101-102. Elementary Spanish with Lab.
The principal goal is the acquisition of a basic level of communicative ability in Spanish. Video, film, audiotapes and the Internet provide current materials from Hispanic America, Spain and the United States Latino community to enhance language learning and knowledge of the culture. Language laboratory activities advance conversational skills and oral comprehension. Open to students with little or no prior study of the language.

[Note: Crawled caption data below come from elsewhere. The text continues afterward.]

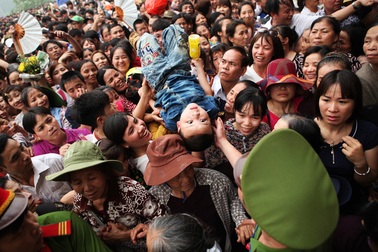 Công kênh trẻ nhỏ giữa biển người và tàu hỏa “thua”… xe máy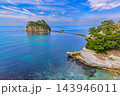 3月中旬の136号線展望所から青い駿河湾に浮かぶ幻の海の道を現した堂ヶ島のトンボロを捉えた早春風景 143946011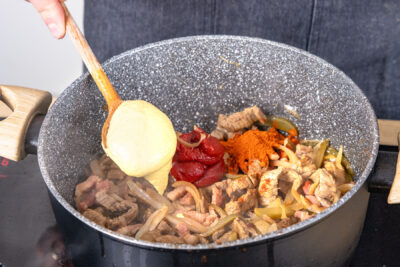 Senf, Tomatenmark und Paprikapulver zum Rouladentopf nach Landfrauen-Art geben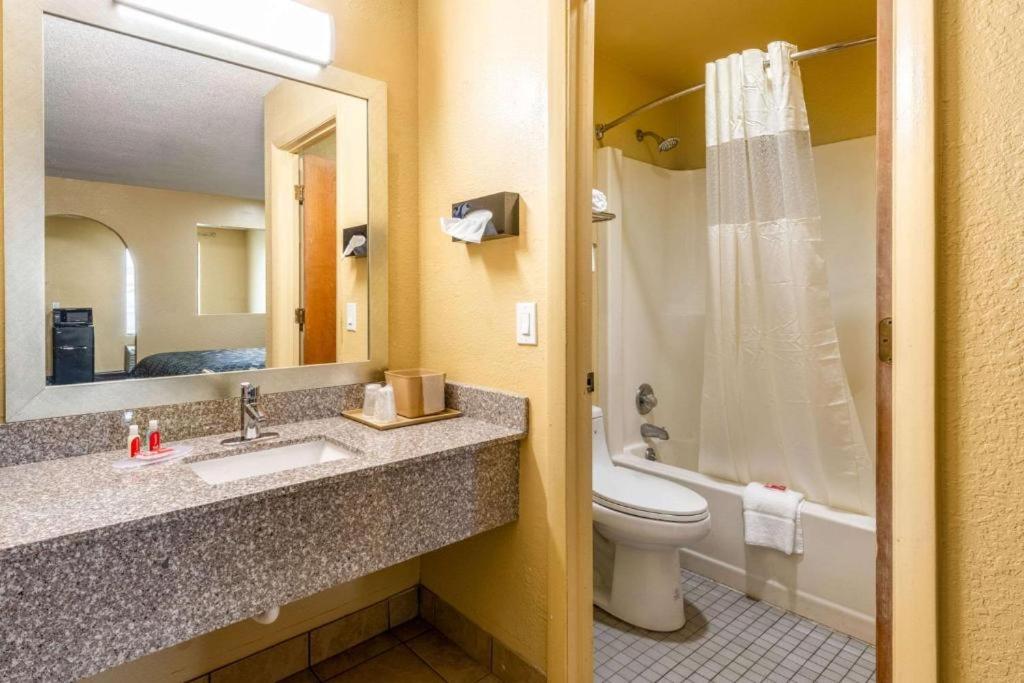 | Southern Inn and Suites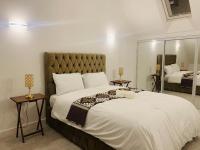 B&B Milton Keynes - Deluxe En suite Bedroom with free on site parking - Bed and Breakfast Milton Keynes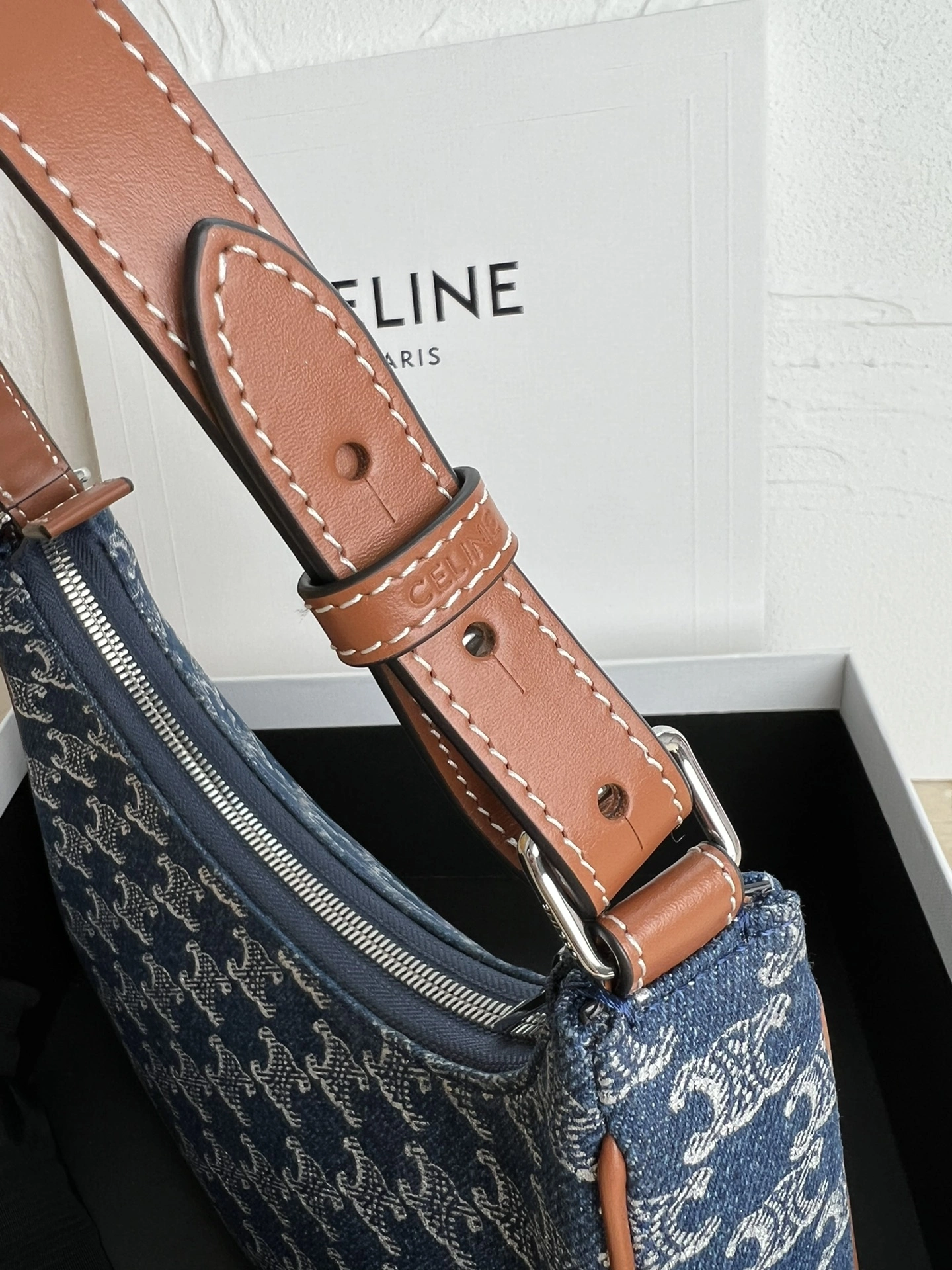 Celine Hobo Bags FreshLook 71820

103-104. Intermediate Spanish with Lab.
Spoken and written Spanish are reinforced by a review of grammar and idiomatic strategies for self-expression. The course includes use of videos, music, literature, news broadcasts and the Internet as a means for understanding the contemporary culture of Hispanic America and Spain. Materials in the language laboratory facilitate conversation and increased oral comprehension. Prerequisite: Spanish 101, 102 or equivalent. Also offered through Caribbean and Latin American Studies.
201. Advanced Spanish.
Review and expansion of the four skills, with emphasis on the oral and written expression of ideas in Spanish on topics of current interest and cultural significance in the Spanish-speaking world. Materials studied include journalistic texts, videos, audiotapes, songs and literary works. For students who have completed Spanish 103, 104 or who have four years or more of Spanish at the secondary level. Also offered through Caribbean and Latin American Studies.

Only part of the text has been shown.